### [PROVIDED ENTRIES]

____________________

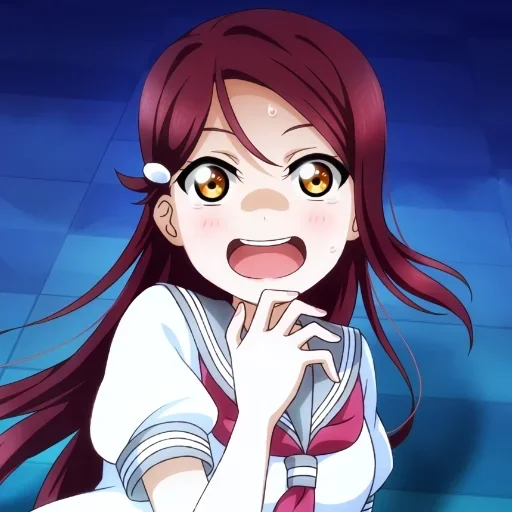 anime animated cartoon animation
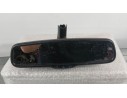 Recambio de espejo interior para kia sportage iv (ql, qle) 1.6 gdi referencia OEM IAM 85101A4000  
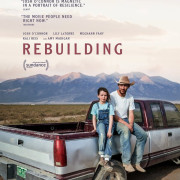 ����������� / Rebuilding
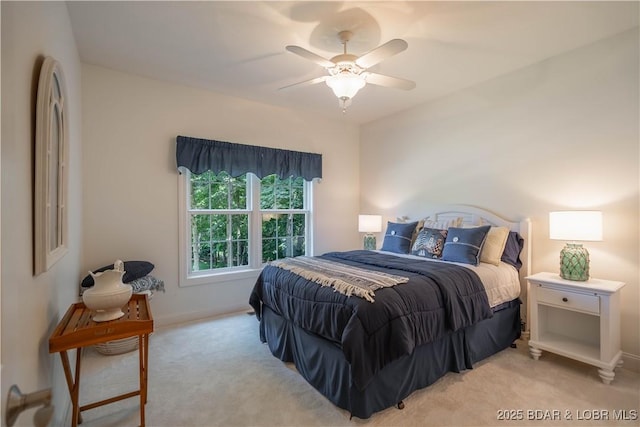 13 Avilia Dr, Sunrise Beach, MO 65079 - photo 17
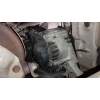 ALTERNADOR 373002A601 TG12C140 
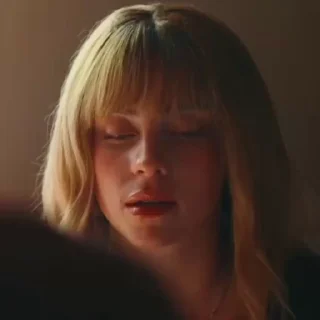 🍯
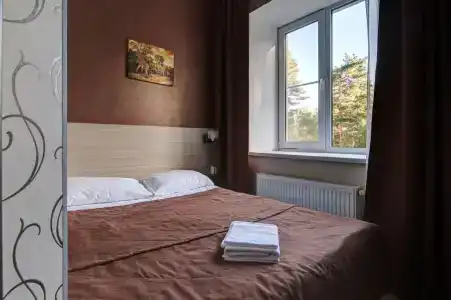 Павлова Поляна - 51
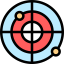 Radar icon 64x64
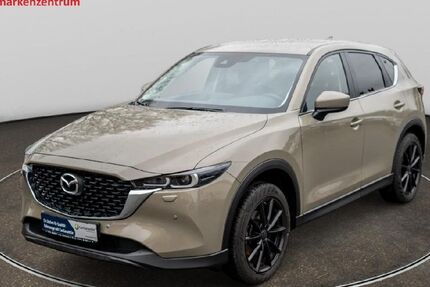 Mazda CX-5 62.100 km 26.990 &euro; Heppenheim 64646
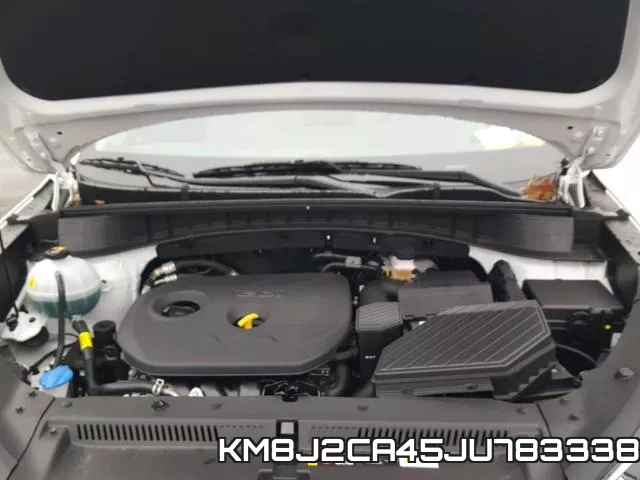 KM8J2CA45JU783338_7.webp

____________________

### [YOUR GOAL]
Each line above has to be returned exactly. Drop the pictures.

### [ANSWER FOR THE TASK]
 anime animated cartoon animation
 Recambio de espejo interior para kia sportage iv (ql, qle) 1.6 gdi referencia OEM IAM 85101A4000  
 ����������� / Rebuilding
 13 Avilia Dr, Sunrise Beach, MO 65079 - photo 17
 ALTERNADOR 373002A601 TG12C140 
 🍯
 Павлова Поляна - 51
 Radar icon 64x64
 Mazda CX-5 62.100 km 26.990 &euro; Heppenheim 64646
 KM8J2CA45JU783338_7.webp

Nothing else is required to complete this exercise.